## Data shown

=== Section Start ===

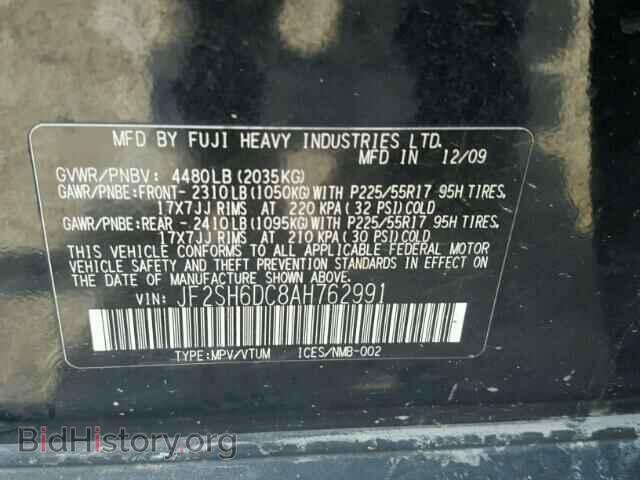 2010 SUBARU FORESTER - VIN: JF2SH6DC8AH762991 - Photo 10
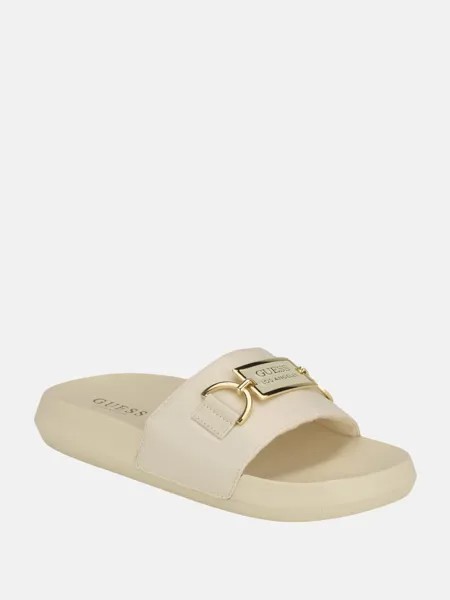 Шлепанцы для бассейна из чистого атласа Guess Factory, цвет Cream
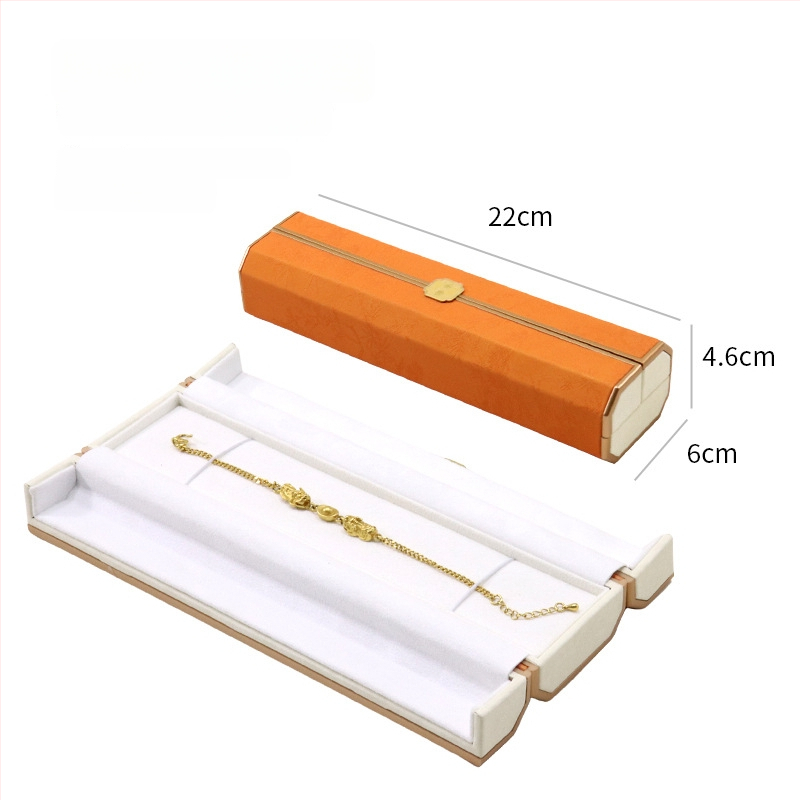 Ķīniešu stilā rotaslietu displeja kastīte ar dubultu displeju, plastmasas kastīte + PU āda, rotaslietu iepakojums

=== Section End ===

## Exercise description
Could you return the whole listing exactly, with every picture removed?

## Answer section
 2010 SUBARU FORESTER - VIN: JF2SH6DC8AH762991 - Photo 10
 Шлепанцы для бассейна из чистого атласа Guess Factory, цвет Cream
 Ķīniešu stilā rotaslietu displeja kastīte ar dubultu displeju, plastmasas kastīte + PU āda, rotaslietu iepakojums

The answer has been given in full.